Access query is duplicating unique records / Linked table issues

I hope someone can help me with this:
I have a simple query combining a list of names and basic details with another table containing more specific information. Some names will necessarily appear more than once and arbitrary distinctions like "John Smith 1" and "John Smith 2" are not an option, so I have been using an autonumber to keep the records distinct.
The problem is that my query is creating two records for each name that appears more than once. For example, there are two clients named 'Sophoan', each with a different id number, and the query has picked up each one twice resulting in four records (in total there are 122 records when there should only be 102). 'Unique values' is set to 'yes'.
I've researched as much as I can and am completely stuck. I've tried to tinker with sql but it always comes back with errors, I presume because there are too many fields in the query.
What am I missing? Or is a query the wrong approach and I need to find another way to combine my tables?
Project in detail: I'm building a database for a charity which has two main activities: social work and training. The database is to record their client information and the results of their interactions with clients (issues they asked for help with, results of training workshops etc.). Some clients will cross over between activities which the organisation wants to track, hence all registered clients go into one list and individual tables spin of that to collect data for each specific activity the client takes part in. This query is supposed to be my solution for combining these tables for data entry by the user.
At present I have the following tables:
AllList (master list of client names and basic contact info; 'Social Work Register' and 'Participant Register' join to this table by
'Name')
Social Work Register (list of social work clients with full details
of each case)
Social Work Follow-up Table (used when staff call social work clients
to see how their issue is progressing; the register has too many
columns to hold this as well; joined to Register by 'Client Name')

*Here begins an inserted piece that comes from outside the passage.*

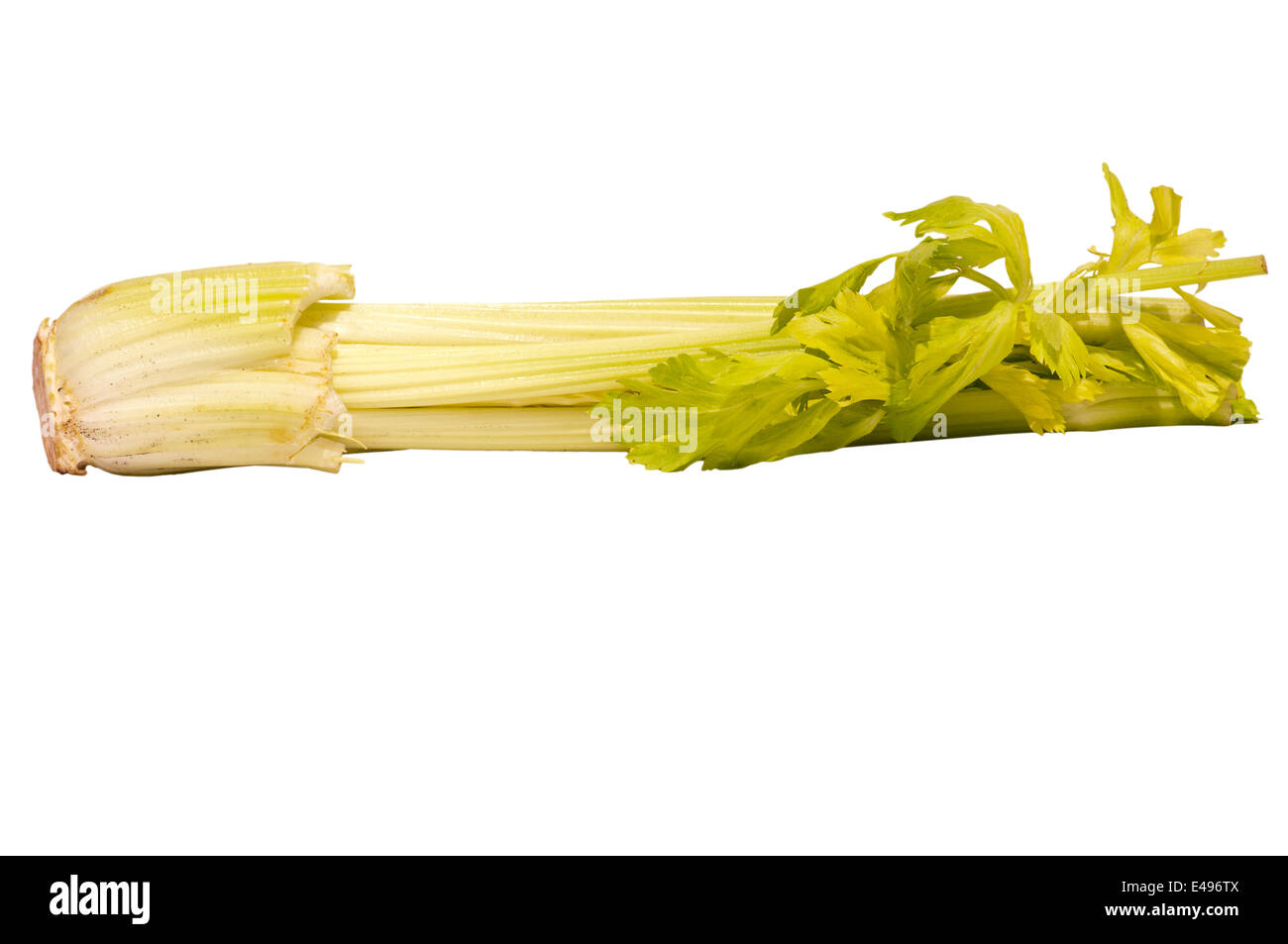 Sticks of Celery Stock Photo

Participants Register (list of clients for training and details of
which workshops they were attended and why they were absent if they
missed a session)
Individual workshop tables x14 (each workshop includes a test and
these tables records the clients answers and their score for each
individual test; there will be more than 20 of these when the
database is finished; all joined to the 'Participants Register' by
'Participant Name')
Queries:
Participant Overview Query (links the attendance data from the 'Register' with the grading data from each Workshop to present a read-only
overview; this one seems to work perfectly)
Social Work Query (non-functional; intended to link the 'Client
Register' to the 'AllList' for data entry so that when a new client
is registered it creates a new record in both tables, with the
records matched together)
Participant Query (not yet attempted; as above, intended to link the
'Participant Register' to the 'AllList' for data entry)

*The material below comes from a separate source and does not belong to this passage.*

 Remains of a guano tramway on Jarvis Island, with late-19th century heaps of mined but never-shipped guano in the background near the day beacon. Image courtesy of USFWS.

BUT I realised that queries can't be used for data entry, so this approach seems to be a dead end. I have had some success with using subforms for data entry but I'm not sure if it's the best way.
So, what I'm basically hoping to achieve is a way to input the same data to two tables simultaneously (for new records) and have the resulting records matched together (for new entries to existing records). But it needs to be possible for the same name to appear more than once as a unique record (e.g. three individuals named John Smith).
[N.B. There are more tables that store secondary information but aren't relevant to the issue as they are not and will not be linked to any other tables.]
I realised that queries can't be used for data entry
Actually, non-complex queries are usually editable as long as the table whose data you want to edit remains 'at the core' of the query. Access applies a number of factors to determine if a query is editable or not.
Most of the time, it's fairly easy to figure out why a query has become non-editable.
Ask yourself the question: if I edit that data, how will Access ensure that exactly that data will be updated, without ambiguity?
If your tables have defined primary keys and these are part of your query, and if there are no grouping, calculated fields (fields that use some function to change or test the value of that field), or complex joins, then the query should remain editable.
You can read more about that here:
How to troubleshoot errors that may occur when you update data in Access queries and in Access forms
Dealing with Non-Updateable Microsoft Access Queries and the Use of Temporary Tables.
So, what I'm basically hoping to achieve is a way to input the same data to two tables simultaneously (for new records) and have the resulting records matched together (for new entries to existing records). But it needs to be possible for the same name to appear more than once as a unique record (e.g. three individuals named John Smith).
This remark actually proves that you have design issues in your database.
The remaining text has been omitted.